> Description of the task: When the word "gold" appears in a line of the data below, list that line.

--- START ---

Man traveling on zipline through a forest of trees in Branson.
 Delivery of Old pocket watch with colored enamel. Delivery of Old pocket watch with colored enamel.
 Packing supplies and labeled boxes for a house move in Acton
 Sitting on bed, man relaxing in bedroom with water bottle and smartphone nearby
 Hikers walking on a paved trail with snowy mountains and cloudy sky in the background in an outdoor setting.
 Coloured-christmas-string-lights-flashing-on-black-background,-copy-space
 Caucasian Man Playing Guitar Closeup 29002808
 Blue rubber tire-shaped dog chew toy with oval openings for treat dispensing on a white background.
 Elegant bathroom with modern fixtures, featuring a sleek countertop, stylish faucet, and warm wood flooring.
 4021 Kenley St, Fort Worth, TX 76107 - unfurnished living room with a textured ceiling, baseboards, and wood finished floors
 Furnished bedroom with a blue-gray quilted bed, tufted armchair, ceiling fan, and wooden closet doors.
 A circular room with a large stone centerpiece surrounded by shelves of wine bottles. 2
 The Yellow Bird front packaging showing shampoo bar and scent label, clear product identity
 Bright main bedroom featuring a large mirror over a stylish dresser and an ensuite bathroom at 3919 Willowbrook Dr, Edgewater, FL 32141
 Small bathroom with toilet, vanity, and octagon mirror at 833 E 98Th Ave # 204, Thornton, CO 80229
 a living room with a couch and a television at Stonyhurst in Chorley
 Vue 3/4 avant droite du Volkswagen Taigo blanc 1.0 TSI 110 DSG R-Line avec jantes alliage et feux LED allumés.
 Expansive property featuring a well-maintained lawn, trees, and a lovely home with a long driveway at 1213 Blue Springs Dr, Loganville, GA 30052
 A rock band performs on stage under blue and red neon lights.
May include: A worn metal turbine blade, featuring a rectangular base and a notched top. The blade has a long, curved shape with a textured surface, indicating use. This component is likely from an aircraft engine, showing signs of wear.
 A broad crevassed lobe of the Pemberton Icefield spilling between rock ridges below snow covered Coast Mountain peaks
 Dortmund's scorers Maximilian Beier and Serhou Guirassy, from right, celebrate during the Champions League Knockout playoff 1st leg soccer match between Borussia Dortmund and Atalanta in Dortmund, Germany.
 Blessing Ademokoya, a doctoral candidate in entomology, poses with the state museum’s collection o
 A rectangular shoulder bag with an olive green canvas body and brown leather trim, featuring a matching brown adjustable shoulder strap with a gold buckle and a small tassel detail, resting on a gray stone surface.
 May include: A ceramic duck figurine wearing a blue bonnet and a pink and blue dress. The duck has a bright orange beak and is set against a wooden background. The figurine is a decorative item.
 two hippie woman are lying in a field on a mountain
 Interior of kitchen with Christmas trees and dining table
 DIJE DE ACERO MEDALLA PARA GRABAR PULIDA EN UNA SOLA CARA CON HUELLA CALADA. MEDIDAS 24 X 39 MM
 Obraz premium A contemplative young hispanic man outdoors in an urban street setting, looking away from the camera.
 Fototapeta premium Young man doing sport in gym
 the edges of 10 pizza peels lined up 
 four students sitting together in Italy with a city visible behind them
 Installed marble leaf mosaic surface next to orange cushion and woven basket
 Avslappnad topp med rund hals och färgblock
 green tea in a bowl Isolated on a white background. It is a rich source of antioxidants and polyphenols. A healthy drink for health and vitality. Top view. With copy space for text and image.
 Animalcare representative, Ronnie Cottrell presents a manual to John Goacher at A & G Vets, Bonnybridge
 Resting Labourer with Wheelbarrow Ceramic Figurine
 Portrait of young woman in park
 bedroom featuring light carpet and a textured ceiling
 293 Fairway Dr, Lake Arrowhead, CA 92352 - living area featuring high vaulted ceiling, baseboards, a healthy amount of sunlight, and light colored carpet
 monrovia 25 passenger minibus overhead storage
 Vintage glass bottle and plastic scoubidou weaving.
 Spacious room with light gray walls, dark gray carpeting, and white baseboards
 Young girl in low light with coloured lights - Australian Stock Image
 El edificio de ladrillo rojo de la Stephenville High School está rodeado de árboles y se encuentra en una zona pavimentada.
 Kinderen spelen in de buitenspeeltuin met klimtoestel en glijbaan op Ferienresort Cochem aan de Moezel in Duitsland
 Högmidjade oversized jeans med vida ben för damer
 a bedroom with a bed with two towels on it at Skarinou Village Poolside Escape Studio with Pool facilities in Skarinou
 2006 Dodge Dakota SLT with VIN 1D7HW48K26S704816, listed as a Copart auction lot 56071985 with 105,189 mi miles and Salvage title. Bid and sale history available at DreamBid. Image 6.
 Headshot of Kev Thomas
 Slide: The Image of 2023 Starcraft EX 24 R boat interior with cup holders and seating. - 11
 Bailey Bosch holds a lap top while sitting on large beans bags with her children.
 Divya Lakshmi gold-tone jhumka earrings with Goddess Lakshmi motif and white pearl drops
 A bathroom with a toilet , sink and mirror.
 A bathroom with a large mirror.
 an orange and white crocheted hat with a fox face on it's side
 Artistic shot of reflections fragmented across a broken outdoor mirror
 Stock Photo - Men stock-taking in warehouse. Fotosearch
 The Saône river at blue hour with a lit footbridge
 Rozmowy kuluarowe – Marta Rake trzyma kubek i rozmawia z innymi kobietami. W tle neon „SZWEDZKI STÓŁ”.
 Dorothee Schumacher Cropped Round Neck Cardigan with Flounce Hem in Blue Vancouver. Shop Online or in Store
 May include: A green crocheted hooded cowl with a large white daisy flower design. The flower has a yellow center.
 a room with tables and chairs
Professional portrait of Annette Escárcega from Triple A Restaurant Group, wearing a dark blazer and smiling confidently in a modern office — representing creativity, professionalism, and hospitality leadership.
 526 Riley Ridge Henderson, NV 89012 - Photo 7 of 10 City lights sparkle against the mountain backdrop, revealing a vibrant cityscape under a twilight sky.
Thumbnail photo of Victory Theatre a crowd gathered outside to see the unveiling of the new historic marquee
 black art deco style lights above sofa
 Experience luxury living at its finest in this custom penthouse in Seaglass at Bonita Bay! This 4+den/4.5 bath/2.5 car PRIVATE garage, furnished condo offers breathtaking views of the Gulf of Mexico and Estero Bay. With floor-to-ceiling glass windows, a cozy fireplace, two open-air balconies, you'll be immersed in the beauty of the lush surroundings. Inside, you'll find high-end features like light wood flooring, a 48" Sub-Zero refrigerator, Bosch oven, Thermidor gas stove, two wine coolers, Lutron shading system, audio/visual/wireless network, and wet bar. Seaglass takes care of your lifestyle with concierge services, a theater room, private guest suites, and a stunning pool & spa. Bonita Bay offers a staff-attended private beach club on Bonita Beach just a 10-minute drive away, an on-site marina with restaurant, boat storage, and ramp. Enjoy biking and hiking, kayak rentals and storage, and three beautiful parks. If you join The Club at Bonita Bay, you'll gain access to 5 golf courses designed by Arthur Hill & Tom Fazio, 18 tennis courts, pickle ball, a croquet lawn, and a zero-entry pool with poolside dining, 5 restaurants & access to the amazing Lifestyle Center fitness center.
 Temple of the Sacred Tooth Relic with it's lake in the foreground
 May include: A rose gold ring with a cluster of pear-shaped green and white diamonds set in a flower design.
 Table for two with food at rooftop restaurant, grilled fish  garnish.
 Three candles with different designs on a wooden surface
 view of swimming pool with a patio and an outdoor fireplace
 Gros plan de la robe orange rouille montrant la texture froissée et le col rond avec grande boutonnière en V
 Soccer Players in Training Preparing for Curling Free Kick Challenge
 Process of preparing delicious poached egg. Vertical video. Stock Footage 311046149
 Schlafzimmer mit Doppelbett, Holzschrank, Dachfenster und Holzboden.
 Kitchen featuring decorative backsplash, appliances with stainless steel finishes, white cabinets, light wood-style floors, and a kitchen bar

--- END ---

> Output of the task:
 A rectangular shoulder bag with an olive green canvas body and brown leather trim, featuring a matching brown adjustable shoulder strap with a gold buckle and a small tassel detail, resting on a gray stone surface.
 Divya Lakshmi gold-tone jhumka earrings with Goddess Lakshmi motif and white pearl drops
 May include: A rose gold ring with a cluster of pear-shaped green and white diamonds set in a flower design.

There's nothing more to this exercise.